IDENTIFICATION OF DROUGHT EXTENT BASED ON VCI

USING SENTINEL DATA: A CASE STUDY OF THE EASTERN OF

IAŞI COUNTY

Paul Macarof 1, Florian Statescu 2, Cristian Iulian Birlica 1, Paul

Gherasim 1

Key words: drought, NDVI, VCI

Abstract: In this study was analyzed zones affected by drought using Vegetation

Condition Index (VCI), that is based on Normalized Difference Vegetation Index

(NDVI). This fact, drought, is one of the most wide -spread and least understood

natural phenomena. In this paper was used remote sensing (RS) data, kindly

provided by The European Space Agency (ESA), namely Sentinel-2 (S-2)

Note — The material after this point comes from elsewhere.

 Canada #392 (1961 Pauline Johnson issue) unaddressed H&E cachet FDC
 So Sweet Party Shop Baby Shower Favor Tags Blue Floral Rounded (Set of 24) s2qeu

Multispectral Instrument (MSI) and wellkonwn images Landsat 8 Operational Land

Imager (OLI). The RS images was processed in SNAP and ArcMap. Study Area, was considered the eastern of Iasi county. The main purpose of paper was to

investigating if Sentinel images can be used for VCI analysis.

Introduction

Drought, one of the most costly disaster, can affect agricultural systems,

ecosystems, wild habitats, and urban water supplies (Heim et al., 2002; Zhang et al., 2012). As a consequence, a lot of techniques for monitoring drought have been

developed.

Drought is natural hazard which frequently occurs in some regions caused by the deficiency of precipitation (Zhang et al., 2013, Knutson, 1998). Drought has

causing several impacts, like reducing of water quality and air, forest fire, land

degradation, reducing of agricultural crops production. This situation may led to water conflict and bring people to immigrate to better place (Amarsaikhan et al.,

2014; Neri et al., 2010). Therefore thus drought monitoring and evaluation is

essential to prevent and minimize the impact of this phenomenon occurrence.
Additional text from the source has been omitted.